§ Work instruction:
Transcribe the listing word for word, beginning at its first line and ending at the line containing "Kim Kardashian /"; omit the pictures.

§ Dataset excerpt:
____________

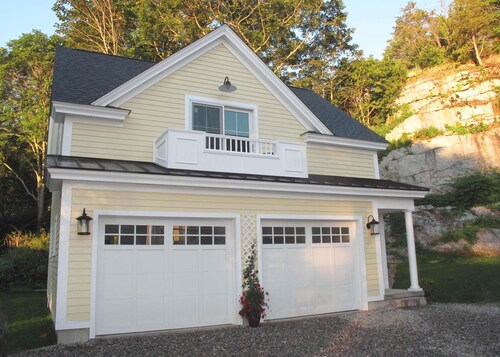 Romantic  Guesthouse in Historic Downtown Waterfront District!
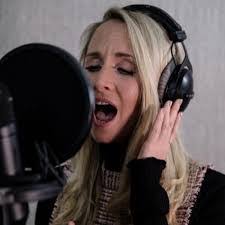 Lou Ryder's Instagram, Twitter & Facebook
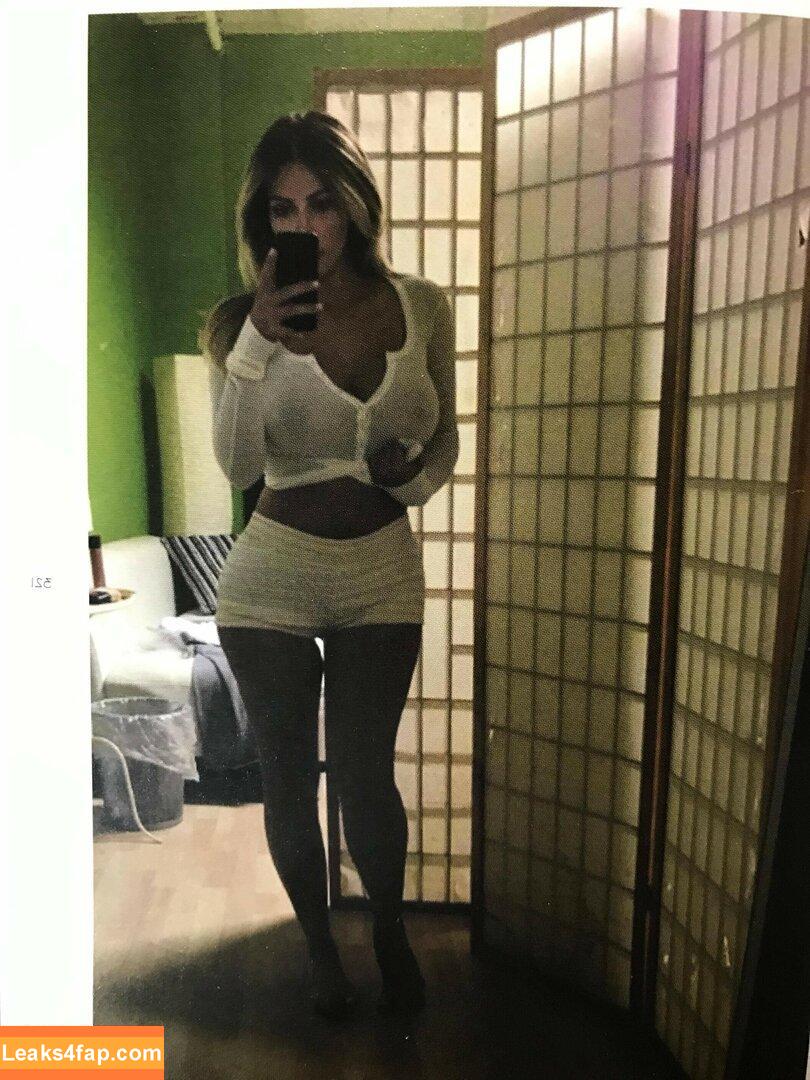 Kim Kardashian / https: / kimkadarshian / kimkardashian leaked photo photo #0020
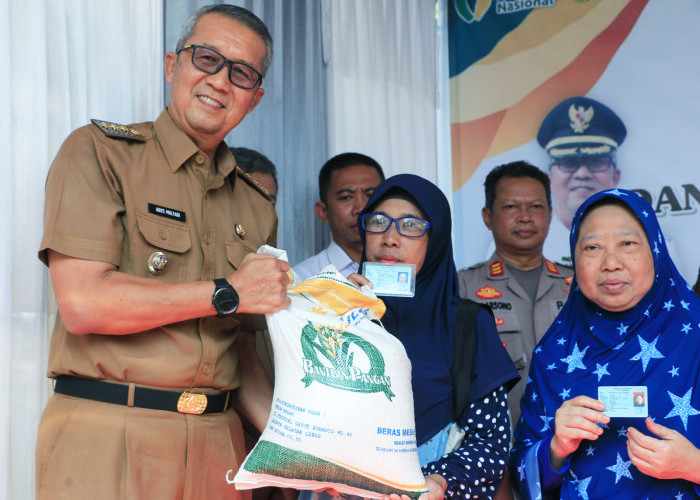 SIMBOLIS: Pj Walikota Agus Mulyadi, simbolis menyerahkan bantuan pangan gratis beras berkualitas 10 kg, kepada  38.867 Keluarga Penerima Manfaat (KPM) di Kota Cirebon.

____________

§ Reply to the task:
 Romantic  Guesthouse in Historic Downtown Waterfront District!
 Lou Ryder's Instagram, Twitter & Facebook
 Kim Kardashian / https: / kimkadarshian / kimkardashian leaked photo photo #0020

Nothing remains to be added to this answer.